Programming Bare-Metal Accelerators with Heterogeneous Threading Models: A Case Study of Matrix-3000
Jianbin Fang,Peng Zhang,Chun Huang,Tao Tang,Kai Lu,Ruibo Wang,Zheng Wang
DOI: https://doi.org/10.48550/arXiv.2210.12230
2022-10-22
Abstract:As the hardware industry moves towards using specialized heterogeneous many-cores to avoid the effects of the power wall, software developers are finding it hard to deal with the complexity of these systems. This article shares our experience when developing a programming model and its supporting compiler and libraries for Matrix-3000, which is designed for next-generation exascale supercomputers but has a complex memory hierarchy and processor organization.
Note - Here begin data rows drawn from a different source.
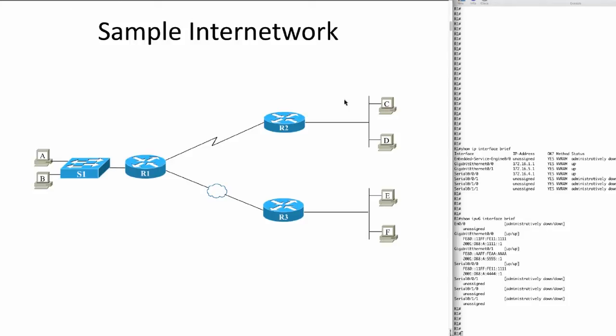Say you're on the exam or you're studying and you see a question with a diagram like the one you see here. Got three routers, got a serial link between router 1 and 2, a Metro E link between R1 and R3, and some LANs. If all I really care about is the IPv4 and v6 config on the routers, I really don't need to see the LAN switches.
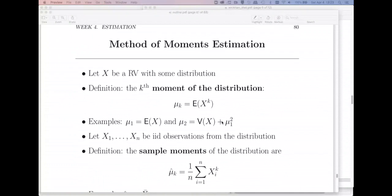What is method of moments all about? Before I can tell you, we need some definitions. The first one is: if I have some random variable x with a given distribution, say an exponential, the kth moment of the distribution is just the expected value of x to the k power. So if I took k equal to one, the expected value of x is just my mean, or the first moment.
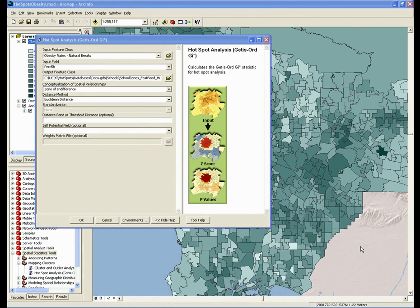But there are some general rules for choosing the critical distance. One really important one is to make sure that the distance you choose ensures that all of your features have at least a few neighbors. As a general rule, at least eight neighbors is good. One big problem with choosing a distance band that's too small is that some of your features are not going to have enough neighbors, or any neighbors, which would mean that your results may not be valid.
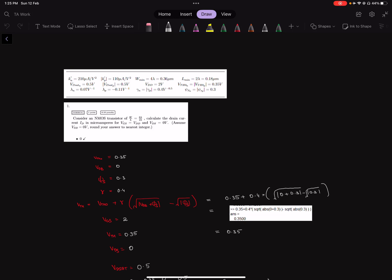Welcome everyone to the solution video for assignment 1, NPTEL Digital IC Design 2023. This assignment is primarily about learning to use the unified current equation and the equation for threshold voltage variation due to body effect.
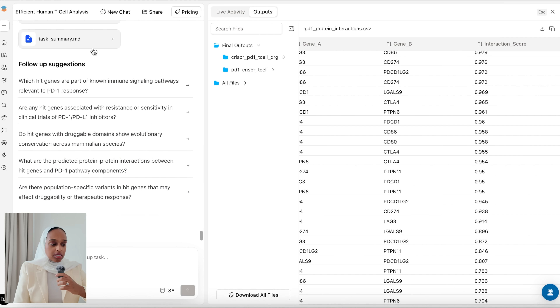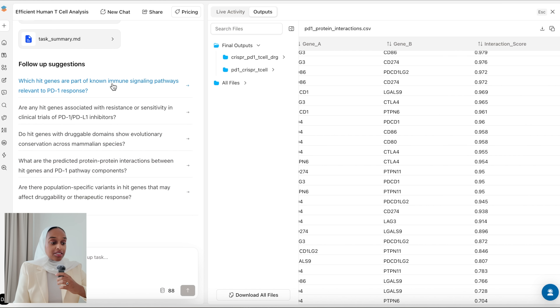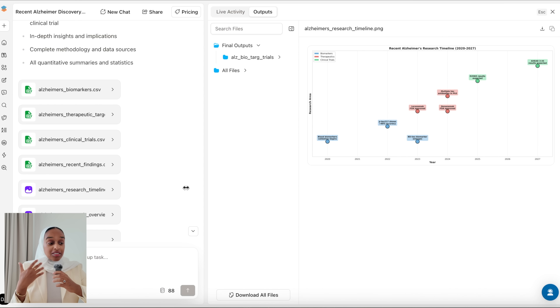Again it generates different steps and executes them, producing output files. I can really go into depth while the agent does all the work for me, saving time and being more efficient — but also providing reliable results that I can actually trust.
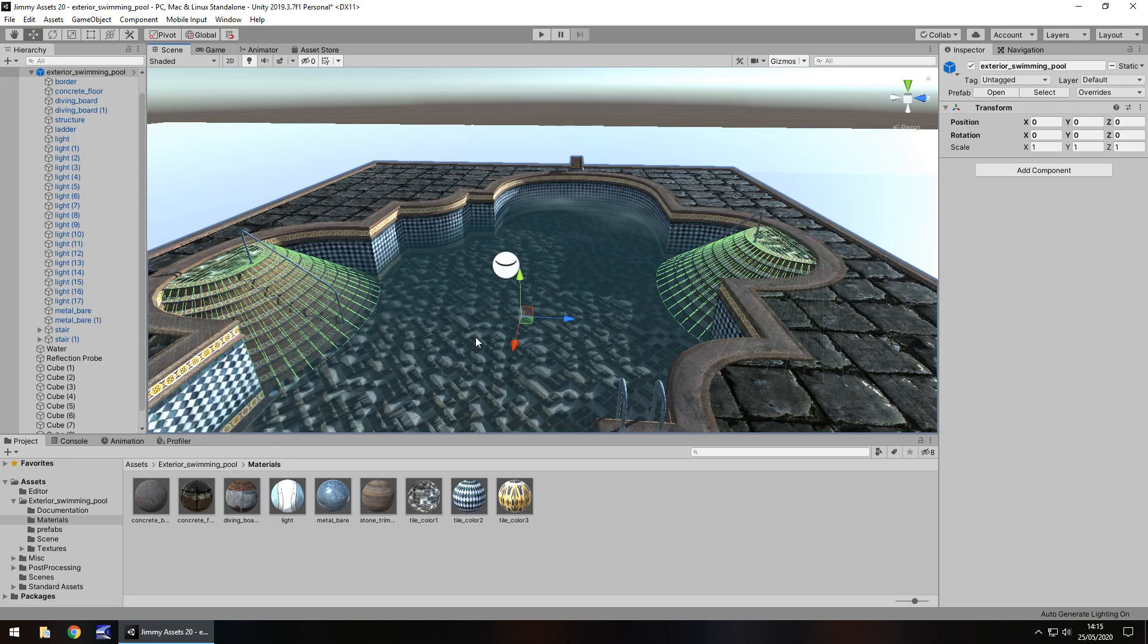So guys, have you tried this asset yourself? If you have, let me know what you think. Let me know where you've used it as well. If you've got an asset on the asset store, link me to it because I'd love to check it out and put it in one of these videos.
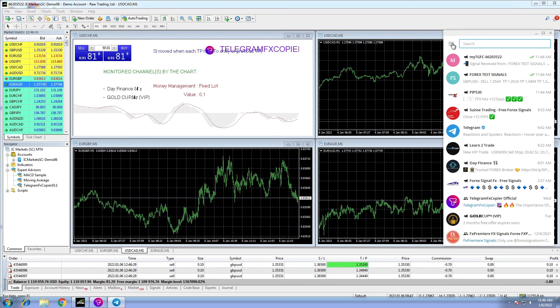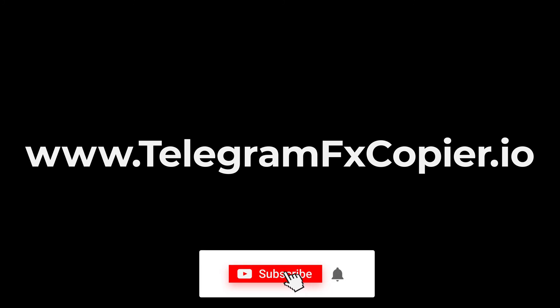You can find more information at our website, www.telegramfxcopier.io. Until another video, thank you for watching.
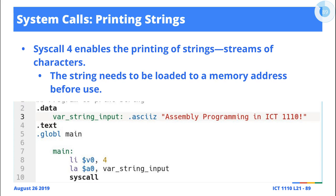OK, so what about printing strings? We have been printing strings here. What we do is we go through a systematic process of specifying system call code number 4. So again, we load 4 into V0, and then we specify the address in memory where...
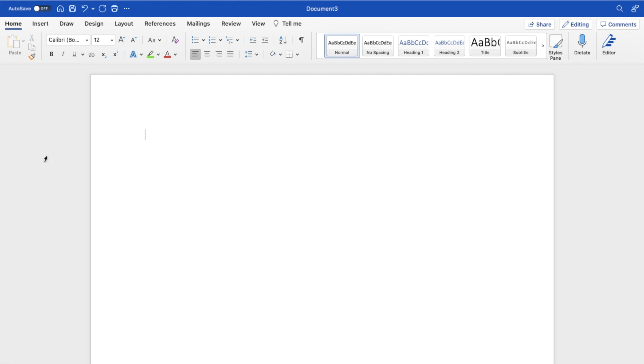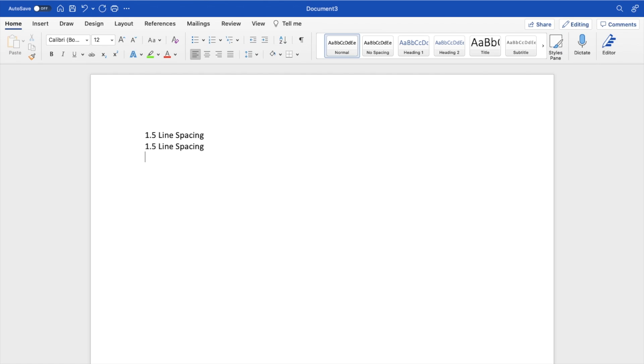The first thing you have to do is open up Microsoft Word and type some stuff into your document. For example, I'll type in 1.5 line spacing. Right below it, I'll do 1.5 line spacing. Right below that, I'll do the exact same thing: 1.5 line spacing.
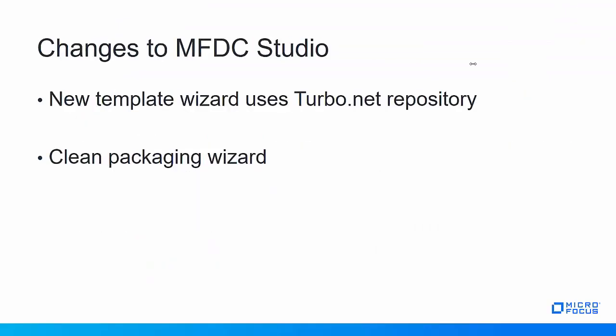Next I want to talk about some changes to the Micro Focus Desktop Container Studio. This is the studio version that is included with all versions of Micro Focus Desktop Containers including the Turbo subscription. And then there are some additional features in the turbo version. So first there's a new template wizard. The new template wizard uses the turbo.net repository. This should mean the templates stay more current and that you have more of them. And then there's the new clean packaging wizard which allows you to spin up that empty package container so that you can then install simple applications and package those easily.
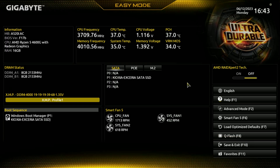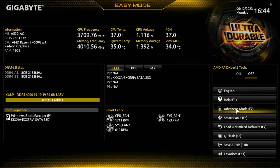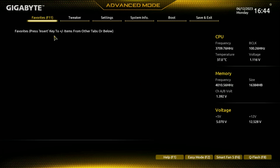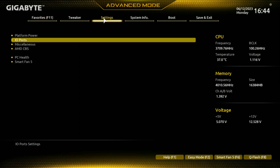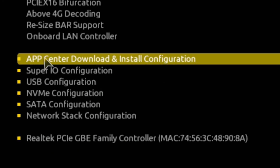This is the BIOS for our Gigabyte motherboard. Apologies for the fans going loud — it's rather warm here today. What you want to do is change from Easy Mode to Advanced Mode; on most boards that's F2. Check your user manual if you're not sure. From Advanced Mode, go into Settings, then into IO Ports, and scroll down to find the relevant option.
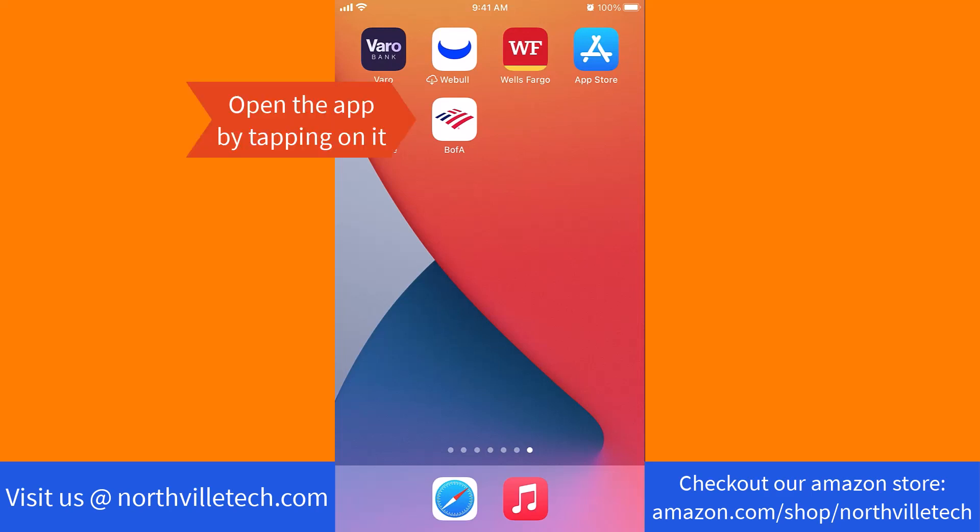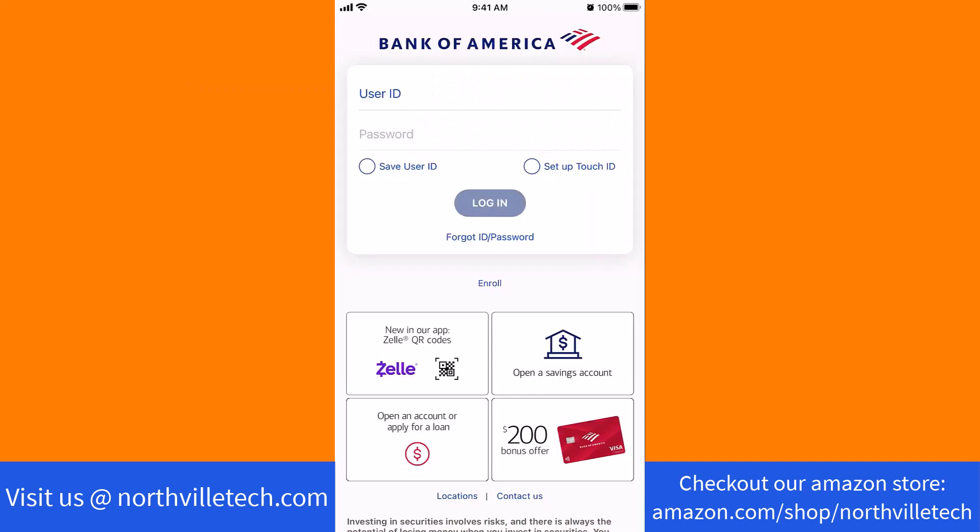Open the app by tapping on it. Now, log in with your user ID and password.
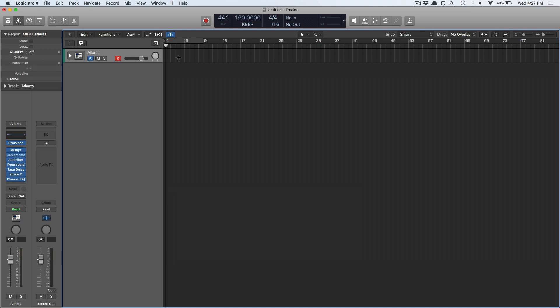Hey folks, Chris Vandeviver here from WhyLogicProRules.com, the website that helps you get the most you can out of Apple's Logic Pro X.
To assist its software development, we developed a software stack from scratch that includes a low-level programming interface and a high-level OpenCL compiler. Our low-level programming model offers native programming support for using the bare-metal accelerators of Matrix-3000, while the high-level model allows programmers to use the OpenCL programming standard. We detail our design choices and highlight the lessons learned from developing systems software to enable the programming of bare-metal accelerators. Our programming models have been deployed to the production environment of an exascale prototype system.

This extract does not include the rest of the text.